Nesse sentido, procuramos elencar, resumidamente, os aspectos interessantes sobre o tema "direito à intimidade do empregado em face do poder diretivo do empregador".

Inicialmente, cabe esclarecer que poucos são os estudos sobre este recente tema, todavia é crescente a discussão acerca do uso (ou abuso) indevido dos modernos instrumentos de trabalho (acesso a internet e utilização de e-mails), por parte dos empregados, no ambiente de trabalho.

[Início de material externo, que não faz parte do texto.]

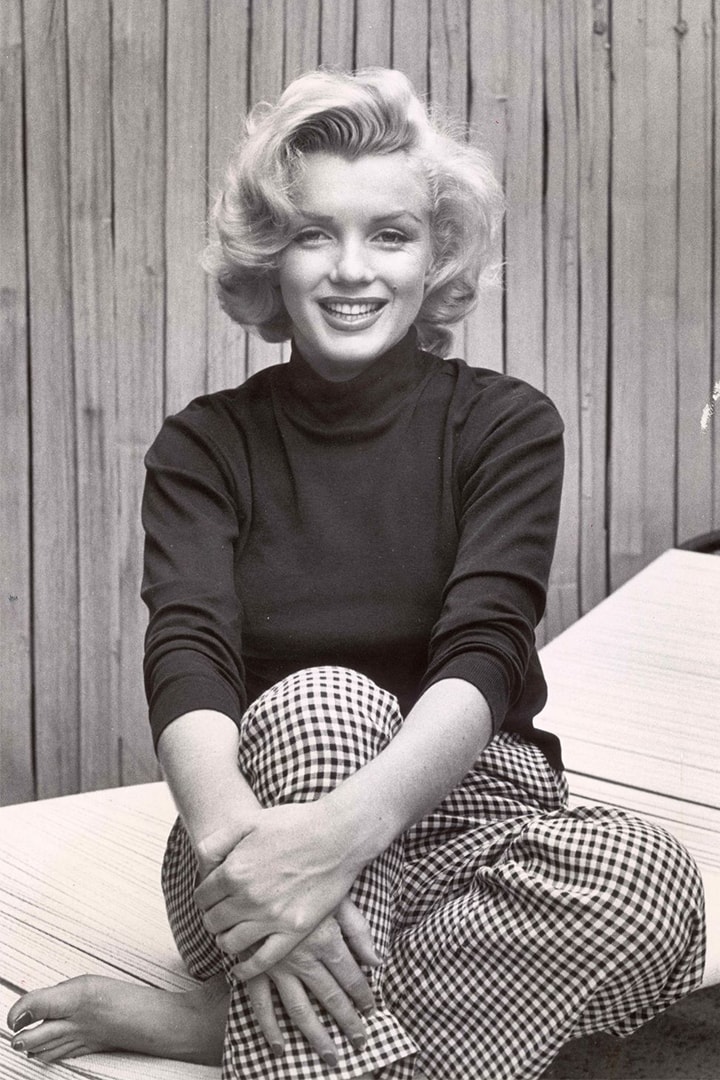 Marilyn Monroe in Turtlenecks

Quando os direitos do empregador e do empregado entram em choque, faz-se oportuno traçar até onde o primeiro detém poder de mando sobre o segundo, em face dos direitos constitucionalmente garantidos.

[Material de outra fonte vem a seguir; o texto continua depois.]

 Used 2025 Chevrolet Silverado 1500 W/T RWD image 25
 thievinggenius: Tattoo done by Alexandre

Sendo o contrato de emprego, essencialmente, trabalho subordinado, fica evidente a sujeição do obreiro ao poder de direção do empregador.

O chamado poder de comando ou diretivo, previsto no art. 2º da CLT, pode ser conceituado como aquele reconhecido ao empregador, consistente no direito de dar ordens ao empregado, ou nas palavras de Amauri Mascaro Nascimento, na obra Iniciação ao Direito do Trabalho, 24ª edição, 1998, página 188:

"(...) a faculdade atribuída ao empregador de determinar o modo como a atividade do empregado, em decorrência do contrato de trabalho, deve ser exercida."

O poder de mando se desmembra em outros tipos de prerrogativas:

- Poder de organização - parte do princípio que ordenar é ato inerente do empregador. Este poder sofre limitações;

-Poder de controle ou de fiscalização - fiscalizar a execução das ordens conferidas ao empregado. Amauri Mascaro Nascimento, na ob. Cit., página 191, apresenta três aspectos dessa prerrogativa do patrão. I - Que os tribunais pátrios tem entendido que a revista dos empregados vem sendo considerada como um direito de fiscalização do empregador, devendo, entretanto, ser moderada; II - O empregador poder instalar, em suas dependências, câmeras de circuito de televisão; III - O empregador pode obrigar os empregados a marcação de cartão de ponto ou livro.

- Poder disciplinar - aplicar penalidade ao empregado que descumpra ordens gerais ou dirigidas especificamente a ele. Mais adiante desenvolveremos as penalidades aplicadas no Direito Brasileiro, quando este tipo de poder é atingido.

Julgamos pertinentes delinear o posicionamento teórico acima esposado com a utilização indevida da Internet no ambiente de trabalho.

Na relação laboral há conflito entre o poder diretivo da empresa em face do direito à intimidade e à vida privada do empregado. A questão é, justamente, saber até onde um pode interagir com o outro.

Em princípio, os novos meios de comunicação (e-mails e internet) estão protegidos pelo sigilo profissional, à luz do art. 5, inciso XII da Constituição Federal de 1988.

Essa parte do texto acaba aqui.